(Beginning of Provided records)

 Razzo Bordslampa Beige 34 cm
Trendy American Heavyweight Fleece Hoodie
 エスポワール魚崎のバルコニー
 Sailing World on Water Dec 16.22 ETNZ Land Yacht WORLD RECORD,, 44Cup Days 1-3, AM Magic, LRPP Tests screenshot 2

(End of Provided records)
(Beginning of Provided records)

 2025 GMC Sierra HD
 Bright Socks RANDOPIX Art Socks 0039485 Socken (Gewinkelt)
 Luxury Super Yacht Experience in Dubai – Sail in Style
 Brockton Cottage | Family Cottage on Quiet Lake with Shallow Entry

(End of Provided records)

Look above for the line with "Razzo Bordslampa Beige 34 cm"; retype exactly that line, every line after it up to the line with "Sailing World on", and that line too, nothing else.

 Razzo Bordslampa Beige 34 cm
Trendy American Heavyweight Fleece Hoodie
 エスポワール魚崎のバルコニー
 Sailing World on Water Dec 16.22 ETNZ Land Yacht WORLD RECORD,, 44Cup Days 1-3, AM Magic, LRPP Tests screenshot 2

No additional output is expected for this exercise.